Japan Golf Tour Organisation (JGTO) chairperson Tadashi Koizumi is scheduled to meet with PGA Tour commissioner Tim Finchem at the Augusta National Golf Club on April 7, on the eve of the Masters there.
"They will discuss what both sides should clear up and prepare in order to stage such a tournament," JGTO senior director Hiroshi Yamanaka said.
"Nothing is definite yet but undoubtedly the US side is actively seeking to do something in Japan."
He said that Finchem had first floated the idea when he talked with Koizumi on the sidelines of the Presidents Cup in San Francisco last October.
"The United States seems to be looking at the Japanese (men's) tour as a completely untapped tour which has not tied up with Europe either," Yamanaka said. "They may probably want to make a deal first."

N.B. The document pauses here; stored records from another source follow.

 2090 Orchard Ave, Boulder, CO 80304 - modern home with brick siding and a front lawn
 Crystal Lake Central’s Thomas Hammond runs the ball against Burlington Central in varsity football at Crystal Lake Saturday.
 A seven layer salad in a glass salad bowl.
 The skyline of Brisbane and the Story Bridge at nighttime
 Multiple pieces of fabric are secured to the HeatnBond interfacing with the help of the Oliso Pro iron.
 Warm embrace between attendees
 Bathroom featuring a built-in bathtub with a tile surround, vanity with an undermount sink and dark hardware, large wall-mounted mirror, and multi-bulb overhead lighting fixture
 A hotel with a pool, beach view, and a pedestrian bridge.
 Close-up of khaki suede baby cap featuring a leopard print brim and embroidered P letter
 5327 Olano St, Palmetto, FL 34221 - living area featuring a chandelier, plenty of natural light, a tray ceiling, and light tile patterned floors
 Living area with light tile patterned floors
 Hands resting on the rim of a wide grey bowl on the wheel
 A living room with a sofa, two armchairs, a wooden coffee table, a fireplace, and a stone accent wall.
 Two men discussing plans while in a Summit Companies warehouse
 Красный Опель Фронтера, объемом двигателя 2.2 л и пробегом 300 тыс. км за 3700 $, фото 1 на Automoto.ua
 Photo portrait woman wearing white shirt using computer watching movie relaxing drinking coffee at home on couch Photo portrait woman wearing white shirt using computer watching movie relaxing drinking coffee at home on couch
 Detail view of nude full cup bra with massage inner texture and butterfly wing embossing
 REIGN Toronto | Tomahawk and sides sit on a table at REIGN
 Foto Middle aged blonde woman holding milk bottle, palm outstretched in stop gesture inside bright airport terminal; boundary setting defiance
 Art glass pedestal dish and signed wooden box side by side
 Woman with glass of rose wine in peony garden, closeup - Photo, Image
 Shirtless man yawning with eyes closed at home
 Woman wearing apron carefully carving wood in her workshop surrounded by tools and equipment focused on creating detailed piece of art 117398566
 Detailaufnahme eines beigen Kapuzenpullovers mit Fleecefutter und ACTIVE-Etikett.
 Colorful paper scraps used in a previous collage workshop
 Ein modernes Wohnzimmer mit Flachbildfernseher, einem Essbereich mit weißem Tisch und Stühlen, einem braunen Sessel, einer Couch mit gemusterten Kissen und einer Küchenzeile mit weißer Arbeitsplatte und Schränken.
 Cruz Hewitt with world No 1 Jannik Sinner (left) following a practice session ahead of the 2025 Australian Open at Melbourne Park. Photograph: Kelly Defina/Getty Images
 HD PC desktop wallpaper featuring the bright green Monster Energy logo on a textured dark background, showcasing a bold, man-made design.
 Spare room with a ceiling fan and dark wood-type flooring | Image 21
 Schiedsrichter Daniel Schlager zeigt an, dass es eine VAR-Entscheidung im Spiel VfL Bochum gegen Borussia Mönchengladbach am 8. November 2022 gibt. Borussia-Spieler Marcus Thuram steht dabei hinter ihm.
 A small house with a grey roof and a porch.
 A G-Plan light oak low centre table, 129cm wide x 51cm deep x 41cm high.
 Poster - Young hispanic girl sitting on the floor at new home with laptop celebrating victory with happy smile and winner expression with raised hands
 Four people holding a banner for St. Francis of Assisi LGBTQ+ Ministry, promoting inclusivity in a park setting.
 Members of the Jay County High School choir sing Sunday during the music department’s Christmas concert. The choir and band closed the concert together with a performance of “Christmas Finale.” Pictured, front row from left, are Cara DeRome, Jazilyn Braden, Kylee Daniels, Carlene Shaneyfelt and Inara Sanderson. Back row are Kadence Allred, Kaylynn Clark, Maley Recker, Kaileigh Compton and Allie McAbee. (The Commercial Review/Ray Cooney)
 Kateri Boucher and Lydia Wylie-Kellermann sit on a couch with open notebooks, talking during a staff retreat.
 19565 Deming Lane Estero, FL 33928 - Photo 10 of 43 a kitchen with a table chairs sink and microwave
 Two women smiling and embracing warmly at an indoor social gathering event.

The US and Japanese women's tours have co-sanctioned a tournament in Japan since 1973, currently dubbed the Mizuno Classic.
The US PGA has lagged behind its European counterpart in tapping the booming Asian market. European and Asian ties date back to 1989, when the European Tour set up the Dubai Desert Classic.
In late 2009, the US PGA finally struck a deal on its first joint tournament with the Asian Tour -- the Asia Pacific Golf Classic, due to be staged in Malaysia this year.
The European Tour is also seeking to stage a tournament in Japan, Yamanaka said. "There is a need to coordinate the schedule and solve other matters such as regulations."
The US Tour, which wants to stage an event in Japan late in the season, is "concerned with many things" apart from financial factors, Yamanaka said.
An event in Japan before or after the cash-laden HSBC Champions tournament in China in November could help lure American players -- many of whom prefer to stay in their comfort zone at home - to the Far East, he explained.
But, due to a clutter of end-of-year tournaments in Japan, the proposed joint event could potentially be held by repackaging one of them, he said.
The Japanese men's game has been boosted by sponsorship deals focusing on teenage star Ryo Ishikawa after he won the domestic KSB Cup in 2007 at the age of 15.
He made his US PGA debut and became the Japan Tour's youngest money leader last year. Now 18, the hot media and marketing property is set to compete in his second Masters after missing the cut in 2009.
In the meeting in Augusta, the Japan Tour is also expected to reaffirm its "great interest" in hosting the Presidents Cup in 2015, Yamanaka said.
The high-profile biennial tournament pits a 12-strong team of Americans against a dozen of the best from the rest of the world, apart from Europe.
It is hosted alternately in the United States and countries represented by the international team. The 2011 event will be staged in Australia.
The US commissioner, Finchem, earlier mentioned the possibility of China hosting it in 2019.